● WHAT YOU SHOULD DO
Given these entries, repeat exactly the lines starting with the one that has "Maxxhaul 50016 20-pack" and going on through the one that has "肉夹馍|这种南瓜千层饼，在家就能做，口感独特，馅料丰富，比肉夹馍还香", both included, but none of the pictures.

● DATA
+++

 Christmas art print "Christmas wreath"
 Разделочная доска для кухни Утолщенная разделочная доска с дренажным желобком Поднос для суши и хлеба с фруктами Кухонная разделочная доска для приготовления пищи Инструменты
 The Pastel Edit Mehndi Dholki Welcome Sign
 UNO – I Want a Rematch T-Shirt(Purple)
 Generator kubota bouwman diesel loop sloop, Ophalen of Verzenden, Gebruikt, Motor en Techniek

+++

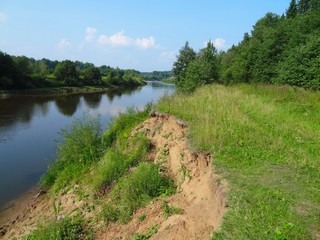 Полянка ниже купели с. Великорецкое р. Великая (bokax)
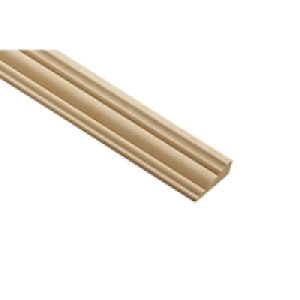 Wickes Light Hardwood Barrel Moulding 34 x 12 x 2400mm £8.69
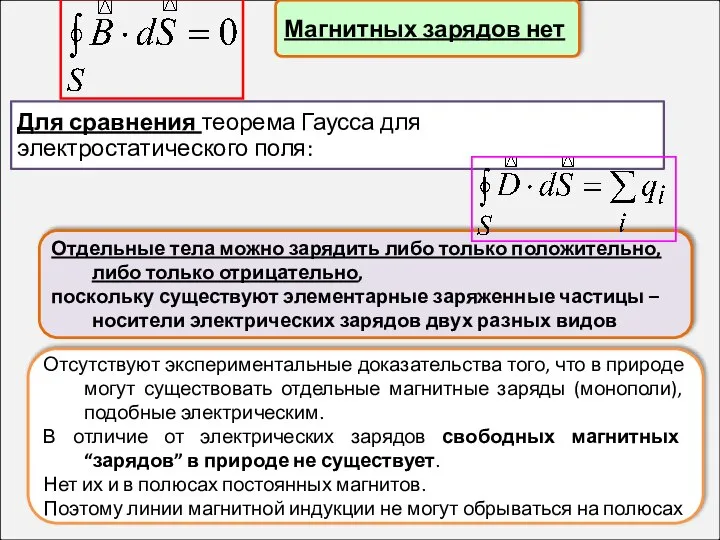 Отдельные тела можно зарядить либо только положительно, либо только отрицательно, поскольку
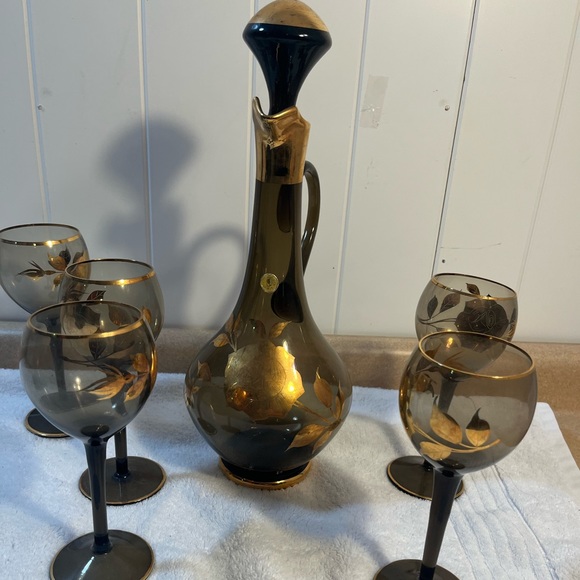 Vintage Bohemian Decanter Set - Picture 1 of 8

+++

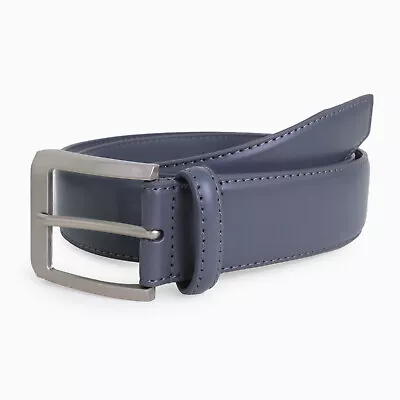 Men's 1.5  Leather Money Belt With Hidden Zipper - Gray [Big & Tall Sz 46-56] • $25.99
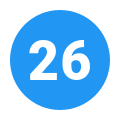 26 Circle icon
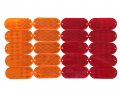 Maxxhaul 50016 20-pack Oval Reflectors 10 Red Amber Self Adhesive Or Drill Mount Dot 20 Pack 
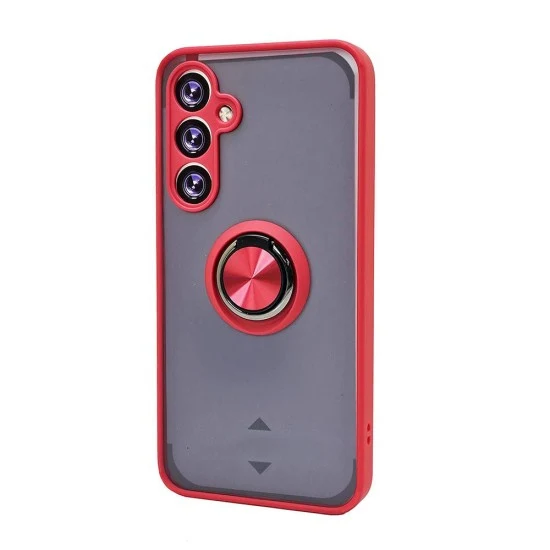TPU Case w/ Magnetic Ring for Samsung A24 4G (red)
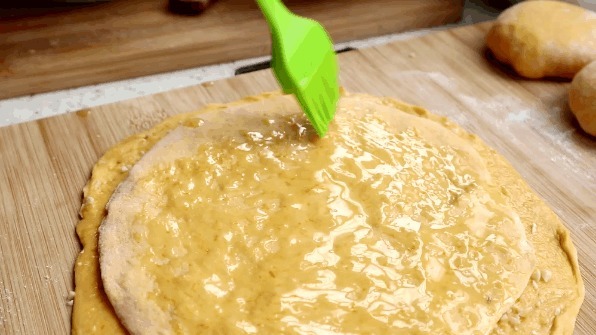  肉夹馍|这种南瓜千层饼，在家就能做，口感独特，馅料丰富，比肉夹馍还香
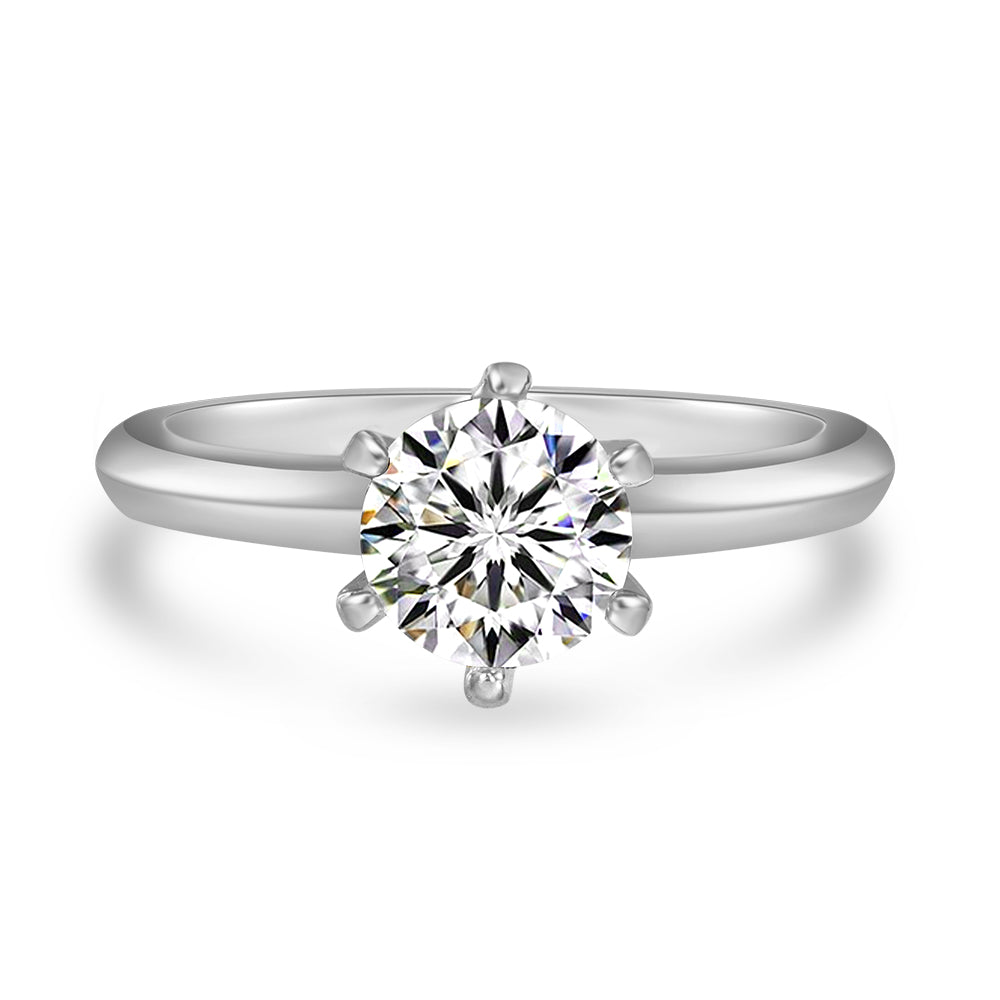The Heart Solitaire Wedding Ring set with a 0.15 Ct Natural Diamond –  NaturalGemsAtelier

+++

● EXERCISE SOLUTION
 Maxxhaul 50016 20-pack Oval Reflectors 10 Red Amber Self Adhesive Or Drill Mount Dot 20 Pack 
TPU Case w/ Magnetic Ring for Samsung A24 4G (red)
  肉夹馍|这种南瓜千层饼，在家就能做，口感独特，馅料丰富，比肉夹馍还香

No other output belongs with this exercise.